Association between the Arg72Pro Genotypes in the TP53 Gene and Ile655Val in the HER2 Gene and the Risk of Developing Breast Cancer in the Population of Amapá, Northern Brazil

Yasmin Maria Nunes Cardoso 1,*, Rafael Lima Resque 1, Diego Yoshio 1, Ana Rita B Miranda 1, Mauro Secco 2, Artemis Socorro do N Rodrigues 1
PMCID: PMC10152860  PMID: 36708564

Abstract

Background:

The polymorphisms Arg72Pro in the TP53 gene (rs1042522) and Ile655Val in the HER2 gene (rs1136201) have been related to susceptibility to several types of cancer. Different studies show the association of these polymorphisms with breast cancer, so our aim in this study was to investigate whether the Arg72Pro and Ile655Val polymorphisms have any influence on the risk of developing breast cancer in women from the city of Macapá, Amapá, located in the brazilian amazon region.

Methods and Results:

We then analyzed 80 DNA samples from women with breast cancer and 83 DNA samples from women without the disease, by the Restriction Fragment Length Polymorphism - Polymerase Chain Reaction (PCR-RFLP) technique. The genotype frequencies for rs1042522 were Ar/Arg 23.7%, Arg/Pro 47.5% and Pro/Pro 28.5% in patients and in controls Ar/Arg 69.8%, Arg/Pro 19.2% and Pro/Pro 10.8%. For the HER-2 gene the frequency of Ile/Ile, Ile/Val and Val/Val genotypes was 82.5%, 17.5% and 0% in the patients and 75.9%, 20.4% and 3.6% in the controls. The presence of at least one altered allele in rs1042522 and rs1136201 polymorphisms was found in 91.25% of patient samples.

Conclusion:

This study found a significant association between the Arg/Pro and Pro/Pro genotypes in the TP53 gene and the Ile/Val genotype in the HER-2 gene and breast cancer risk, however, we emphasize that more studies need to be carried out in the investigated population to consolidate our results.

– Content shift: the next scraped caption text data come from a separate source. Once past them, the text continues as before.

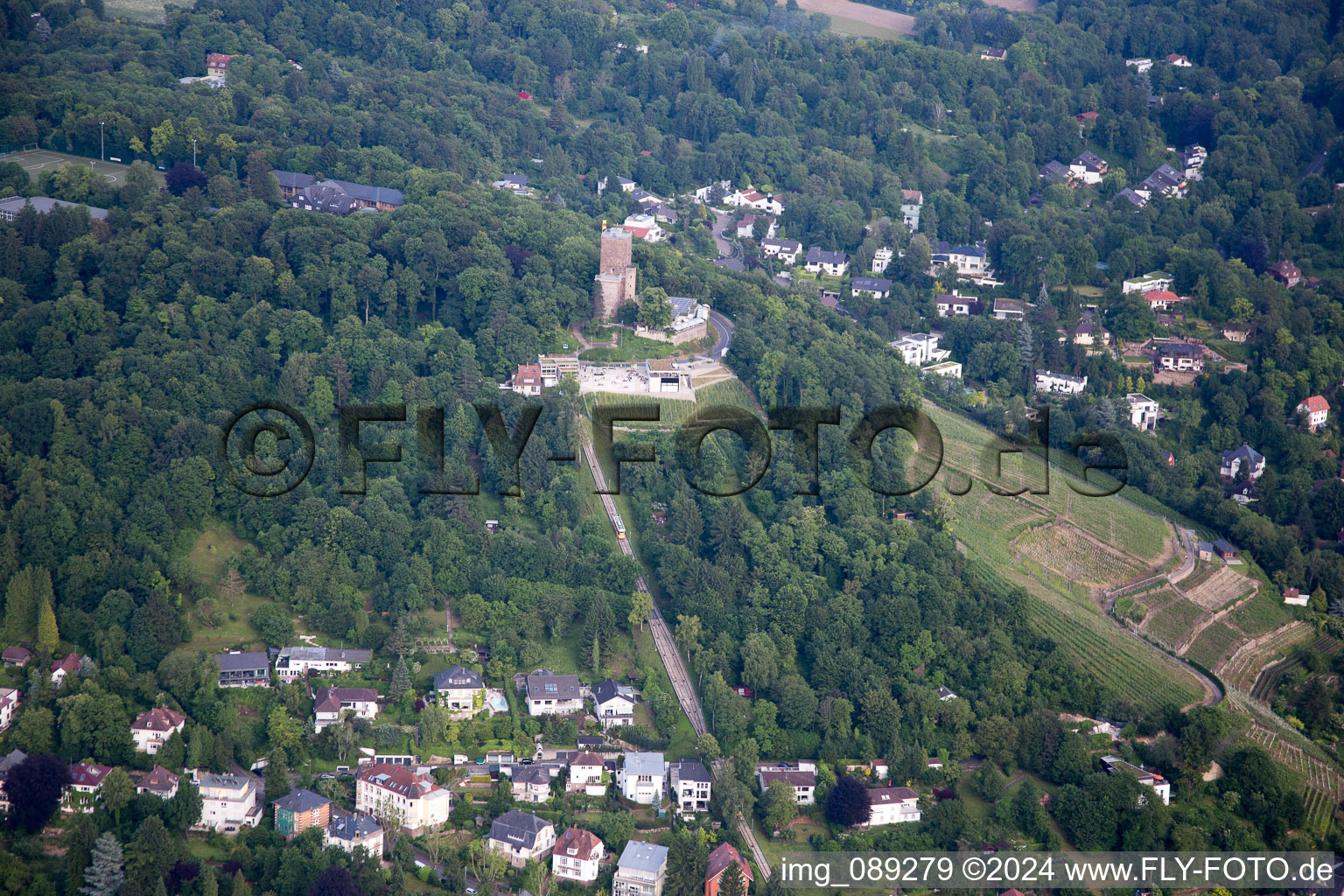 Vue aérienne de Téléphérique de Turmberg à le quartier Durlach in Karlsruhe dans le département Bade-Wurtemberg, Allemagne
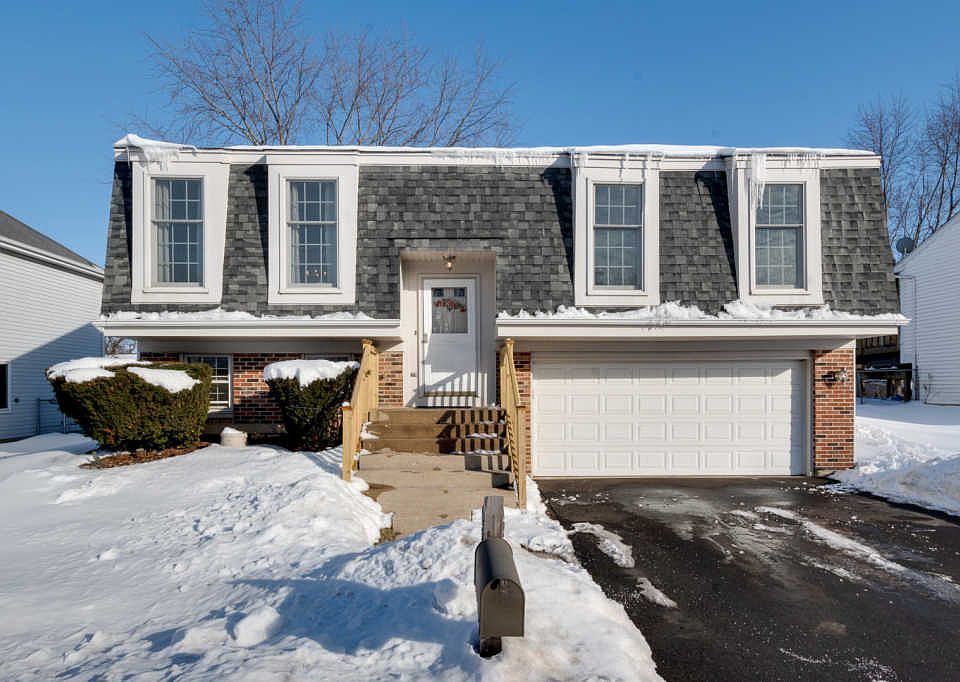 1st image of 689 Sand Creek Dr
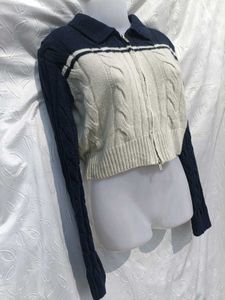 Stylish Cropped Knit Zip-Up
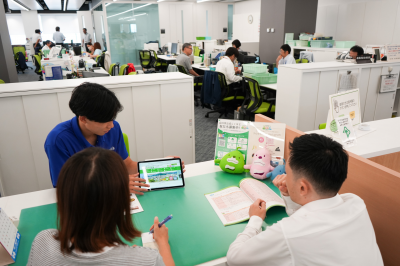 移住を考えている方の相談に対応する様子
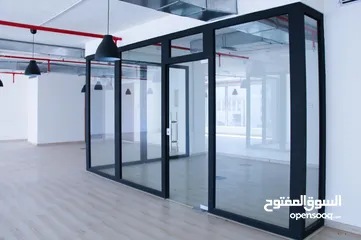 4 مكتب تجاري فاخر جدا في افضل مواقع شارع وادي صقرة يصلح لجميع الانشطة التجارية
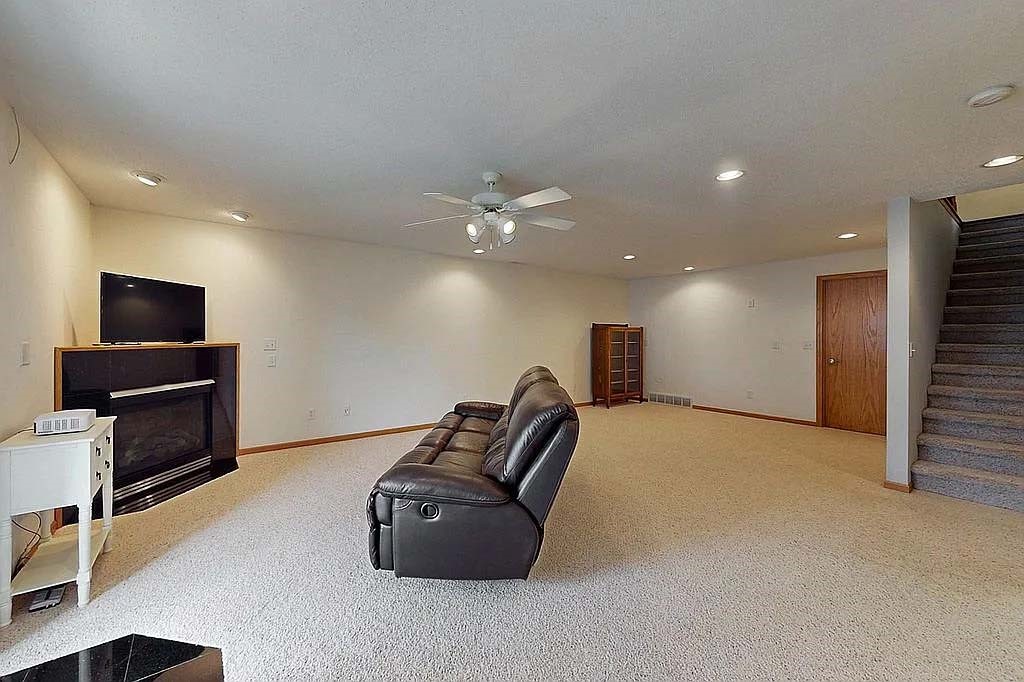 4433 Spoonbill Court Marion IA 52302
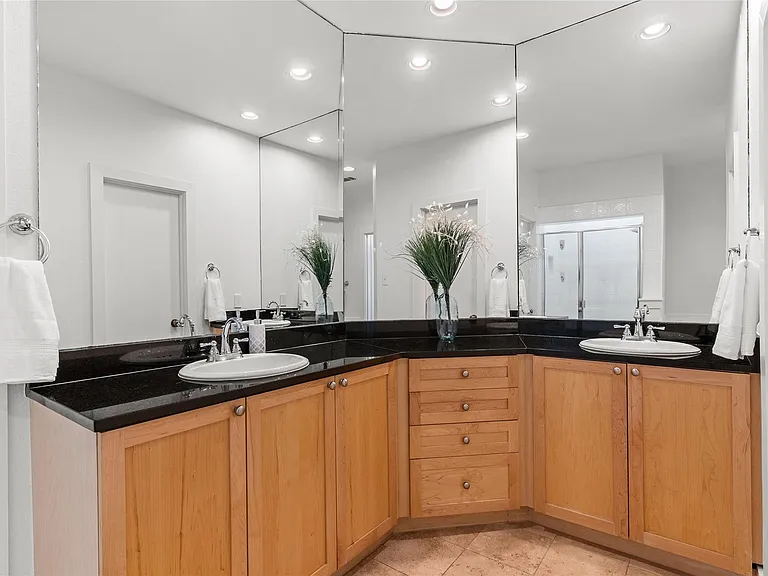 4830 Cedar Springs Rd #3 — Photo 16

Key Words: Gene TP53, Gene HER-2, Breast cancer, Macapá, Brazil

Introduction

The exposure to environmental factors and adoption of certain lifestyle habits can be extremely important to the development of breast cancer that, like other types of cancer, has a multifactorial origin where 93 to 95% of the cases are influenced mainly by sporadic events, and in 5 to 7% of the cases genetic factors are more closely related to the risk of developing this type of cancer, which are known as Family Breast Cancer (FBC) in these cases (Renault, 2017).

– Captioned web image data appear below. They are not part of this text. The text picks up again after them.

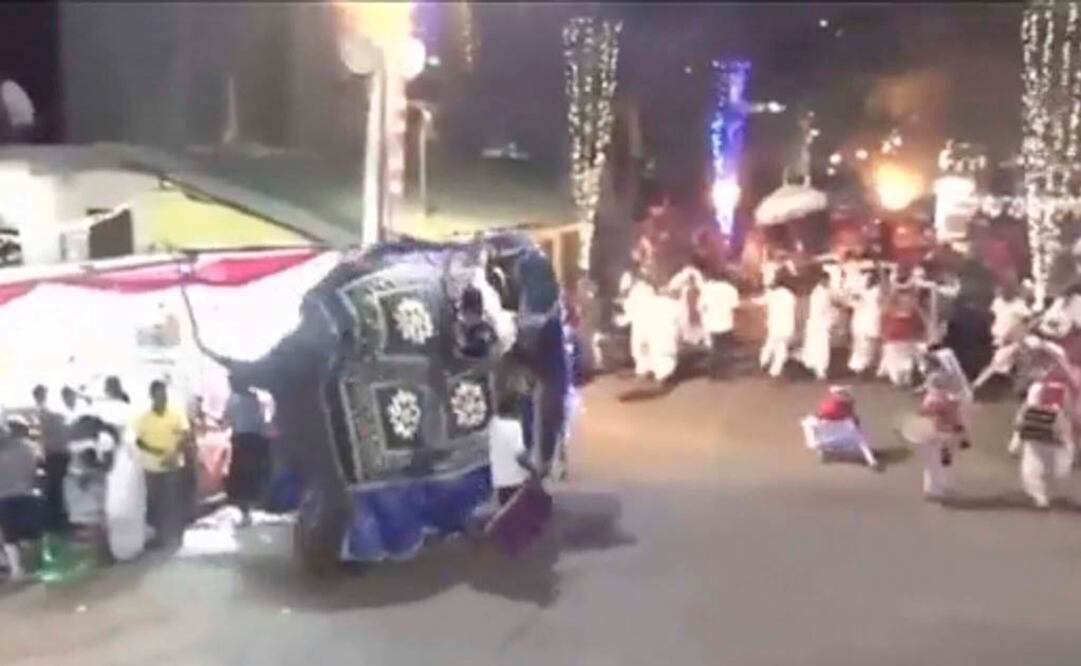 Los elefantes decorados de forma ornamental son una gran atracción en los actos budistas de Sri Lanka (Foto: AP)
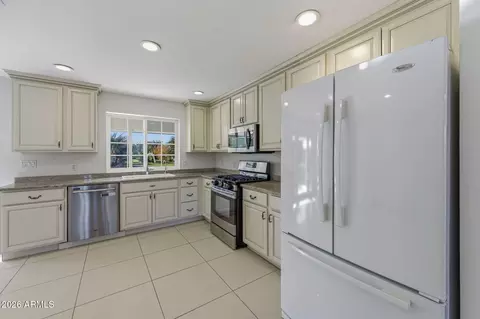 Kitchen - 13839 E Morgan Dr, Gilbert, AZ 85295 photo 3 of 5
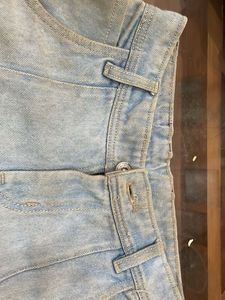 Stylish Light Wash Wide-Leg Jeans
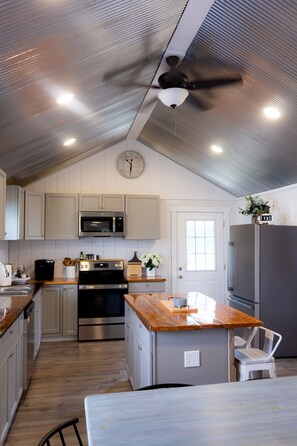 Refrigerador, microondas, horno y parrilla de estufa 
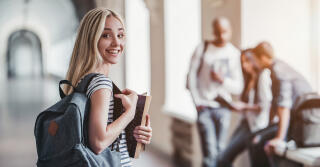 Sugestões de Perfumes para Presentear: Para uma Jovem em Idade Universitária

The State of Amapá is located in the North region of Brazil, with a territorial area of 142,470,762 km2 and an estimated population of 861,773 inhabitants, with a Human Development Index-HDI of 0.708. In the years 2016-2017, 82 new cases of breast cancer were officially diagnosed in the State population, according to data from the State Department of Health (Secretaria de Saúde do Estado do Amapá-SESA) based on treatments performed at UNACON (Unidade de Alta Complexidade em Oncologia).

According to INCA, for each year of the trienniumin 2020-2022 the state for breast cancer was 70 new cases for every 100 thousand women. Taking into account the IBGE population numbers for the year 2018 (last update) of 829,494 inhabitants, of which approximately 51.5% are female (approximately 427,189 women), in estimates approximately 299 women will be diagnosed by the end of 2022 following the estimated numbers made available by INCA (2019).

The TP53 gene is located at chromosome 17 (p17.1.). (NCBI, 2020). This gene encodes a nuclear phosphoprotein, called p53. This phosphoprotein is a tumor suppressor that responds to various cellular stresses to regulate the expression of target genes, thereby inducing stop at cell cycle, apoptosis, senescence, DNA repair or changes in metabolism (Lane, Crawford, 1979; Gottlieb, Vousden, 2010).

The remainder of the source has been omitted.